Any special allocations of items of income or gain pursuant to this Section shall be taken into account in computing subsequent allocations of Profits pursuant to this Section so that the net amount of any items so allocated and the Profits, Losses, or other items so allocated to each Member pursuant to this Section, shall to the extent possible, be equal to the net amount that would have been allocated to each such Member pursuant to this Section as if such unexpected adjustments, allocations, or Distributions had not occurred.
2.3 Other Allocations
2.3.1 Section 704(c) Allocations
In accordance with section 704(c) of the IRS Code and the applicable Treasury Regulations issued thereunder, income, gain, loss, and deduction with respect to any property contributed to the capital of the Company shall, solely for tax purposes, be allocated among the Members so as to take account of any variation between the adjusted basis of such property to the Company for federal income tax purposes and its initial Gross Asset Value.
In the event Gross Asset Value of the Company’s Company Investment is adjusted pursuant to this Agreement, subsequent allocations of income, gain, loss, and deduction with respect to such Asset shall take into account any variation between the adjusted basis of such Asset for federal income tax purposes and its Gross Asset Value in the same manner as under section 704(c) of the IRS Code and the Treasury Regulations thereunder.
The Manager shall make any election or other decisions relating to such allocations in any manner that reasonably reflects the purpose of this Agreement.
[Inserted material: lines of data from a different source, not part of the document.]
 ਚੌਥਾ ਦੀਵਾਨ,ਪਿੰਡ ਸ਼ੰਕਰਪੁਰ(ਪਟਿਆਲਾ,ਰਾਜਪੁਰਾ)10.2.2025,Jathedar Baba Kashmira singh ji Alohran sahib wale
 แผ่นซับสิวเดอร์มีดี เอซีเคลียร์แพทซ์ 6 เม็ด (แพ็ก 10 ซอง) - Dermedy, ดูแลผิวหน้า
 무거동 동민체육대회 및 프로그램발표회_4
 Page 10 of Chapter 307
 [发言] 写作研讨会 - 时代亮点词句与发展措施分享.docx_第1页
Allocations made pursuant to this Section are solely for purposes of federal, state, and local taxes and shall not affect or in any way be taken
into account in computing any Member’s Capital Account or share of Profits, Losses, or other items, or Distributions pursuant to any provision of this Agreement.
2.3.2 Curative Allocations
The Manager shall make such other special allocations as are required in order to comply with any mandatory provision of the applicable Treasury Regulations or to reflect a Member’s Economic Interest in the Company determined with reference to such Member’s right to receive Distributions from the Company and such Member’s obligation to pay its expenses and liabilities.
2.3.3 Allocation of Tax Items
To the extent permitted by section 1.704-1(b)(4)(i) of the Treasury Regulations, all items of income, gain, loss and deduction for federal and state income tax purposes shall be allocated to the Members in accordance with the corresponding "book" items thereof; however, all items of income, gain, loss and deduction with respect to Assets with respect to which there is a difference between "book" value and adjusted tax basis shall be allocated in accordance with the principles of section 704(c) of the IRS Code and section 1.704-1(b)(4)(i) of the Treasury Regulations, if applicable.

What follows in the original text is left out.